_Task requirements_:
Would you copy out only the lines from the one with "カラーTシャツ - L - ターコイズ (濃色)" to the end of the records, exactly as they stand?

○ ○ ○ ○ ○ ○ ○

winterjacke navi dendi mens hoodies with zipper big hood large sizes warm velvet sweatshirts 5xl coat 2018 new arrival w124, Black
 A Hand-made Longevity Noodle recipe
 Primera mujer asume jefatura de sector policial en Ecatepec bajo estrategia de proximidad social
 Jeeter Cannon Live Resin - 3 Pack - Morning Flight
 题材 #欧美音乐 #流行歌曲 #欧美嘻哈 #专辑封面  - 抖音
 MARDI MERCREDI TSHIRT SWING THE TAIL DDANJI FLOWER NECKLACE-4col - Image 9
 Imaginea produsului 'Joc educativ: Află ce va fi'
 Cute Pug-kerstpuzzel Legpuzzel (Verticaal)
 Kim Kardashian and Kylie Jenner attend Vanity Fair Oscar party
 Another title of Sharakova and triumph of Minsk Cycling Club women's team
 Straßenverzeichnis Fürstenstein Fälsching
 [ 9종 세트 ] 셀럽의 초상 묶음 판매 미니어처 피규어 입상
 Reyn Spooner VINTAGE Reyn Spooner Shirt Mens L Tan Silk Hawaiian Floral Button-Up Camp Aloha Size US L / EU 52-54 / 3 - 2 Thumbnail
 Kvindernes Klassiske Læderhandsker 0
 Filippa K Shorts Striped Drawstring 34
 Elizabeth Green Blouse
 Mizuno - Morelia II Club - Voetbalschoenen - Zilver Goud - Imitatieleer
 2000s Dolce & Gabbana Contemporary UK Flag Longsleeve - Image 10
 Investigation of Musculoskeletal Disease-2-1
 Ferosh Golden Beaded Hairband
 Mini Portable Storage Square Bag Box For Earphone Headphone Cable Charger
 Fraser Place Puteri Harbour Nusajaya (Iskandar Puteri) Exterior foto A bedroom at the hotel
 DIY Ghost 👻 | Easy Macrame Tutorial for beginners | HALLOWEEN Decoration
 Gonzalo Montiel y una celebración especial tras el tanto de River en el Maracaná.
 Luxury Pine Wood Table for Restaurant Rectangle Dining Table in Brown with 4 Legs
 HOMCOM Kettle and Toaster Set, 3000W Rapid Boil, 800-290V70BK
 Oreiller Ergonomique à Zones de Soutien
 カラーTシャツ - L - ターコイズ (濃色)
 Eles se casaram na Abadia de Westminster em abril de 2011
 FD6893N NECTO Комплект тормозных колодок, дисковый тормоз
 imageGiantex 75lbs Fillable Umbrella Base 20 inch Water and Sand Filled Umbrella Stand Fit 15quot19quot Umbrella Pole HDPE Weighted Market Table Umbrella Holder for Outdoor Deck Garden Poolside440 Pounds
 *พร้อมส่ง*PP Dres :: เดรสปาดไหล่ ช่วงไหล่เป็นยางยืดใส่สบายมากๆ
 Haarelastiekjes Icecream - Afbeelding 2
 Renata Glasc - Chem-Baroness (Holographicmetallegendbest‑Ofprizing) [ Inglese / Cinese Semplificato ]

○ ○ ○ ○ ○ ○ ○

_Solution for this problem_:
 カラーTシャツ - L - ターコイズ (濃色)
 Eles se casaram na Abadia de Westminster em abril de 2011
 FD6893N NECTO Комплект тормозных колодок, дисковый тормоз
 imageGiantex 75lbs Fillable Umbrella Base 20 inch Water and Sand Filled Umbrella Stand Fit 15quot19quot Umbrella Pole HDPE Weighted Market Table Umbrella Holder for Outdoor Deck Garden Poolside440 Pounds
 *พร้อมส่ง*PP Dres :: เดรสปาดไหล่ ช่วงไหล่เป็นยางยืดใส่สบายมากๆ
 Haarelastiekjes Icecream - Afbeelding 2
 Renata Glasc - Chem-Baroness (Holographicmetallegendbest‑Ofprizing) [ Inglese / Cinese Semplificato ]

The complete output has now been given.